1 2 3 4 5 6 7 8 9 10 11 12 13 14 15 16 17 18 19 20 21 22 23 24 25 26 27 28 29 30 31 32 33 34 35 36 37 38 39 40 41 42 43 44 45 46 47 48 49 50 51 52 53 54 55 56 57 58 59 60 61 62 63 64 65 66 67 68 69 70 71 72 73 74 75 76 77 78 79
В штрафной колонне законные воры вели себя иначе, чем в основном лагере. После бурного «толковища», на время которого всех, кто не в «законе», загнали в другую палатку и малолетки следили, чтоб никто не приближался к месту, где шло тайное совещание, они, вопреки обычаям, образовали свою отдельную бригаду и Леху Лысого выбрали бригадиром.

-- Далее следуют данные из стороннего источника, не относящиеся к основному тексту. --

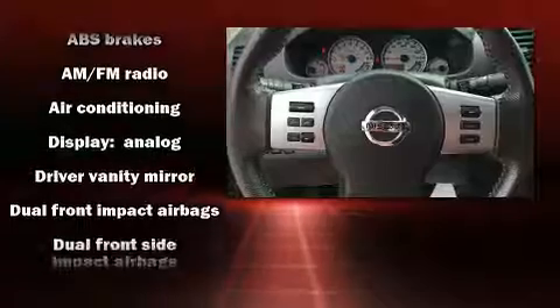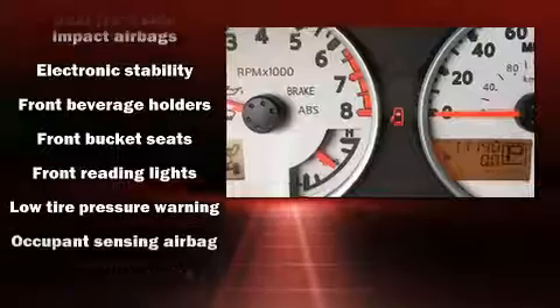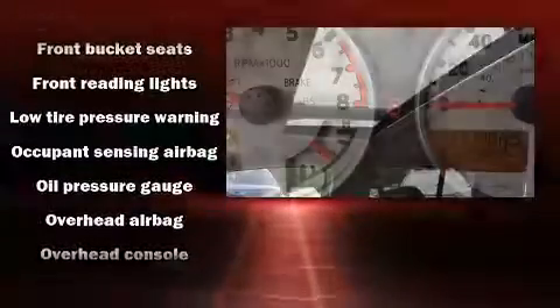You and your passengers will enjoy the stereo system, which includes a CD player with AM-FM radio and six speakers, enhancing the audio experience throughout the interior.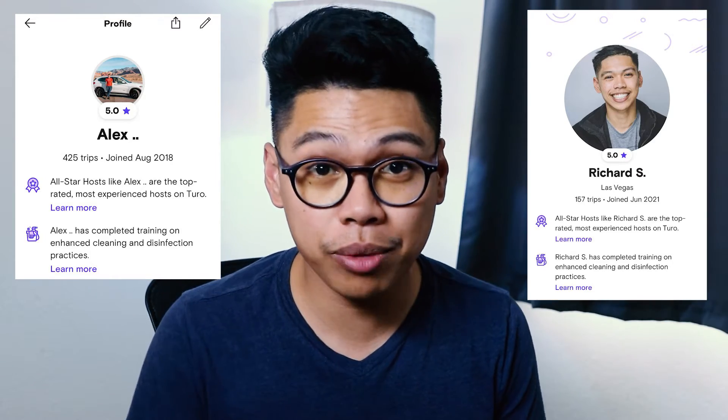582 trips on the Turo platform over 20 vehicles out here in Las Vegas as a power host, been at it the last 10 months. I'm going to teach you guys three things that you need to run a super successful Turo business.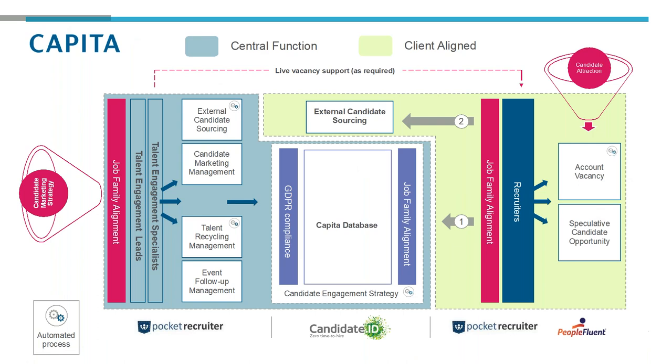In terms of the principles around how we're operating at the moment, at the heart of what we're building is a Capita database. That database is GDPR compliant and is focused at a job family level — whether that be IT, sales, or marketing. Underneath that job family level, we're identifying the core pipelines that we need to deliver. Within IT, we might be specifically developing a Java developers in London pipeline. We're taking and developing those pipeline needs from the demand planning we get from our strategic workforce planning function, understanding the immediate and long-term needs of Capita and translating that into a recruitment plan.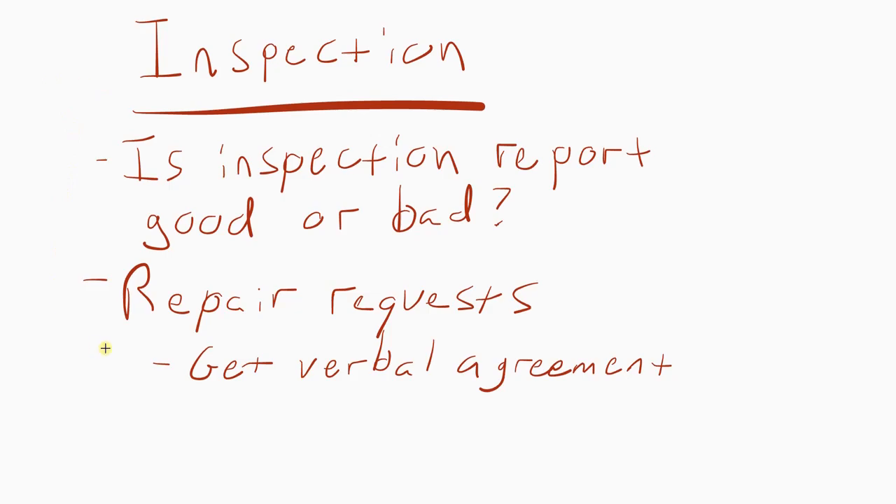So then we move to repair requests. Let's say the inspector found the furnace is old, the water heater is about to go, there's dangerous venting, or a big plumbing leak causing damage in the crawl space. You go ahead and put in a repair request and bring your realtor in, saying hey, I have a couple repairs that need to be done on this property, let's put together an inspection addendum. You put all this stuff in there — maybe it needs a new roof, maybe there's a pest issue in the shed — and you submit it as a repair request.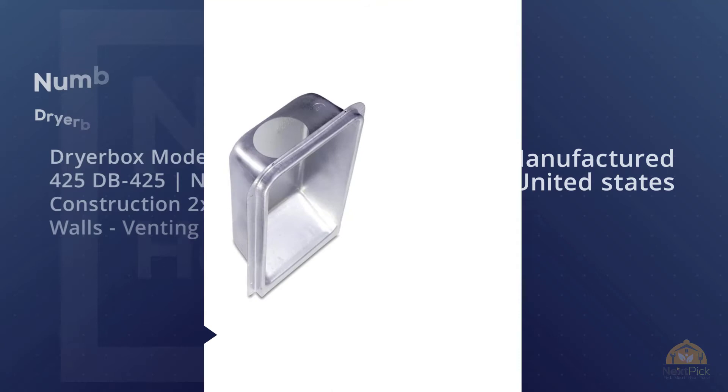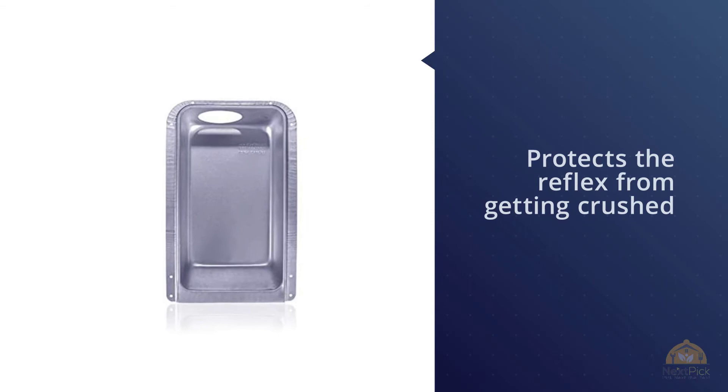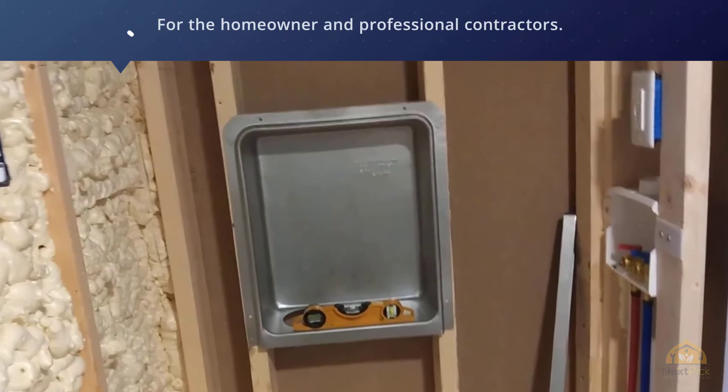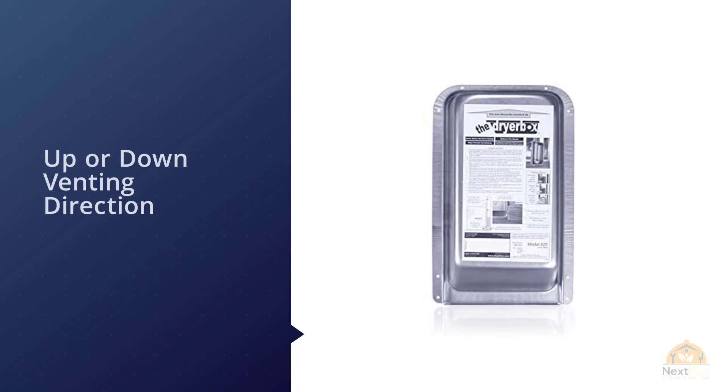Number four: Dryer Box Model DB 425, for new construction with 2 by 6 walls venting up. Remove the inefficiencies of improper venting by eliminating friction in the duct hose. The dryer box comes with a mechanism which protects the hose from getting crushed. Place the dryer against the wall and minimize lint buildup. Minimum maintenance makes this model one of the best choices for professional contractors.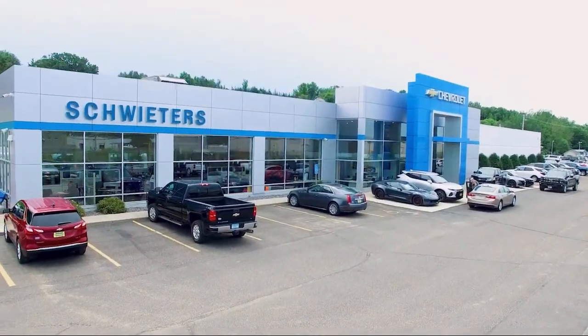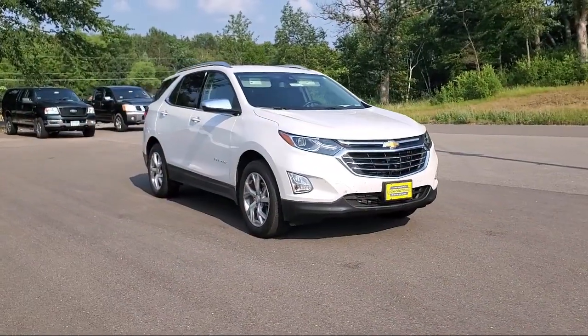Welcome to Schweder Chevrolet of Cold Spring, and here's a look at another one of our great vehicles in inventory.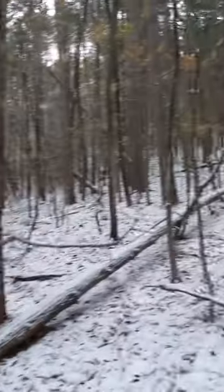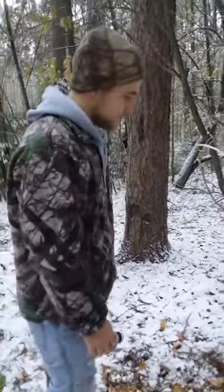Fisher love to run these edges of these clear cuts on these red pine groves hunting for squirrels. Opening day 2018, October 25th. Thanks for watching.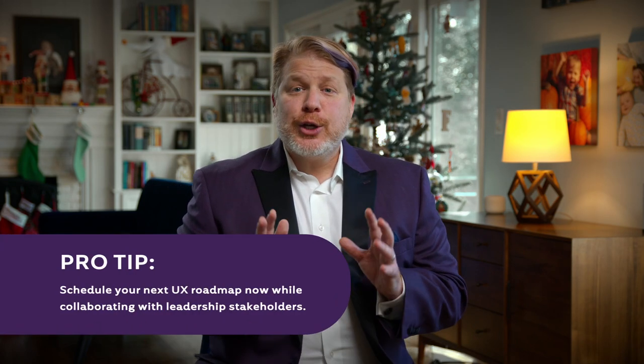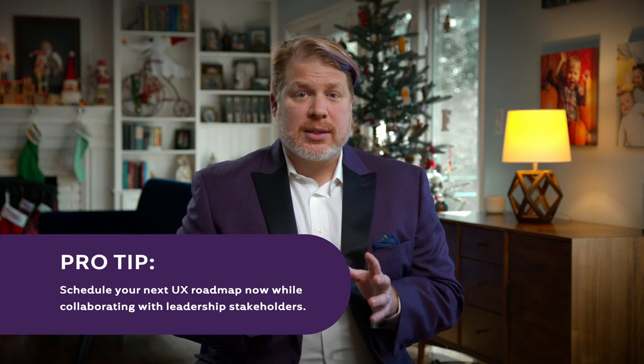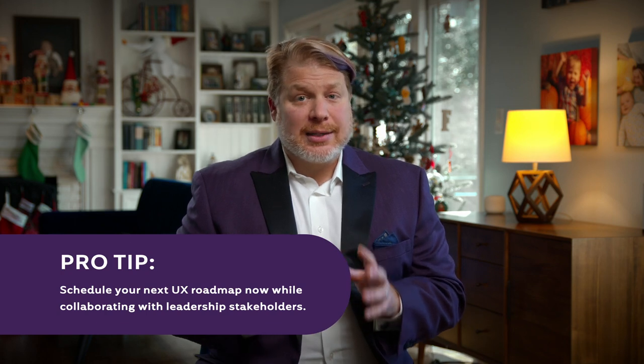Most roadmaps are updated monthly, as this is enough time to make progress on any given problem card, while also not forgetting the reasoning behind a certain card's language or time horizon placement. Your organization, however, may prefer weekly or quarterly. In either case, you should schedule your next revision in advance so that you ensure it does occur.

Все они, за исключением одного-двух действительно больных и упрямого Лени Генерала, выходили с утра в карьер. В пасмурные дни после обеда большинство бригады оставалось в зоне, к тому времени дневная норма считалась уже выполненной или перевыполненной. Но в хорошую погоду они предпочитали загорать в карьере.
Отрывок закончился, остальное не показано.